Bond funds attracted a net $2.6 billion in the week to Feb. 13, while stocks drew $1.8 billion, Citigroup analysts Markus Rosgen and Yue Hin Pong said in a report today, citing data from research company EPFR Global. U.S. equity funds had net outflows of $3.7 billion, according to the note.
Investors favored less risky assets during the week as U.S. Senate Democrats proposed a 10-month delay in $1.2 trillion of automatic spending cuts for defense and domestic programs set to begin March 1. The Democrats’ $110 billion plan would replace across-the-board reductions by making defense spending cuts, ending direct payments to farmers, and requiring top earners to pay a minimum 30 percent income tax rate.
“If the automatic budget cut in U.S. isn’t avoided in two weeks’ time, it could hurt various functions of U.S. agencies,” Pong wrote in an e-mail today. “It would also signal that political agreement is harder to come by.”
The March 1 deadline marks another fiscal showdown between President Barack Obama and congressional Republicans over whether efforts to reduce the budget deficit should include revenue or be limited to spending.
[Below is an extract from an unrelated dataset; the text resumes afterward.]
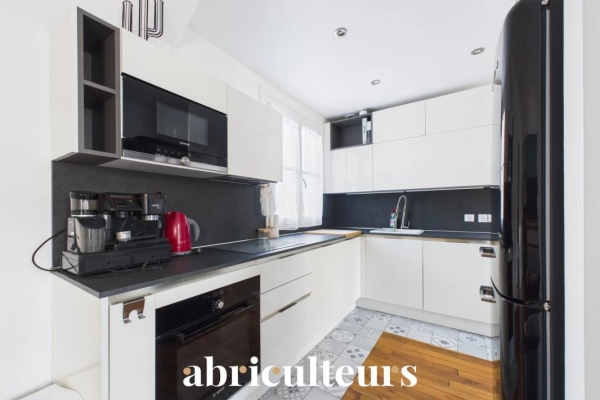 Appartement de luxe à vendre à Paris 16ème, 755 000 €, Photo 5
Unless Congress acts, $1.2 trillion in spending cuts, known as sequestration, will take effect over nine years, which could hurt economic growth.
Asian equity funds attracted $535 million, a 23rd week of inflows, slowing from $981 million last week as markets shut for the Lunar New Year holidays. Shanghai and Vietnam markets are closed for an entire week from Feb. 11, while Japan, South Korea, Malaysia, Hong Kong and Singapore were closed for between one and three days. Taiwan is closed for seven days.